O eixo mais reacionário do Governo espanhol tomou a dianteira e avançou, muito para lá das piores expectativas, com uma revisão do regime juridico aplicável ao aborto. A lei proposta pelo Ministro Gallardón é de tal forma radical, recuando para lá do quadro em vigor desde 1985 (muito para lá da mera revogação da lei aprovada no Governo Zapatero, conforme referido na campanha eleitoral), que setores mais moderados do PP começam a pedir moderação e bom senso.
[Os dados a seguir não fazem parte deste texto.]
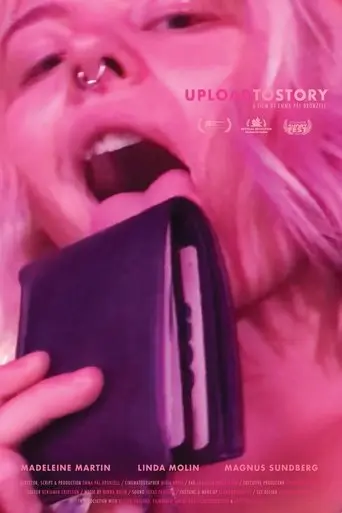 Upload to Story (2019)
A entrar em vigor, a nova lei determinaria que cerca de 89% dos casos em que a IVG é hoje permitida em Espanha voltariam a ser punidos, empurrando quase uma centena de milhar de mulheres para o estrangeiro ou, como é infelizmente provável no quadro económico atual, para redes clandestinas e inseguras. 

 

Num momento em que a pressão económica é intensa, em que os níveis de confiança nas instituições é o mais baixo de sempre (incluindo os partidos e a própria instituição monárquica) e em que a tensão em torno dos processos soberanistas, em particular na Catalunha, ameaçam colocar em causa os equilíbrios fundadores da democracia espanhola, encetar um processo destes é de uma irresponsabilidade incendiára. Seguramente, a liderança do PP acha que vai galvanizar as bases e reforçar a coesão interna, apelando aos setores mais radicalmente conservadores. Na realidade, reabre um debate há muito encerrado e optar por uma linha a que a maioria da população está longe de aderir, instrumentalizando a saúde sexual e reprodutivas das mulheres espanholas e abdicando de um regime que tem demonstrado dar resposta adequada a uma questão complexa de direitos e saúde pública. 

 

Apesar de ter as maiores dúvidas da capacidade dos setores nacionais que comungam da mesma leitura dos autores da proposta de legislação espanhola de desencadearem uma inicativa similar (as petições que a Assembleia da República tem periodicamente analisado pecam pela fraqueza dos dados apresentados e pela manipulação descredibilizadora dos factos), os acontecimentos em Espanha são reveladores da necessidade de não dar nunca por adquiridas as mais relevantes conquistas civilizacionais, importando sempre continuar a informar e passar a mensagem, prevenindo os recuos e reforçando a consciência coletiva do que está em jogo. 

 

O debate em Espanha é tão nosso como dos nossos vizinhos.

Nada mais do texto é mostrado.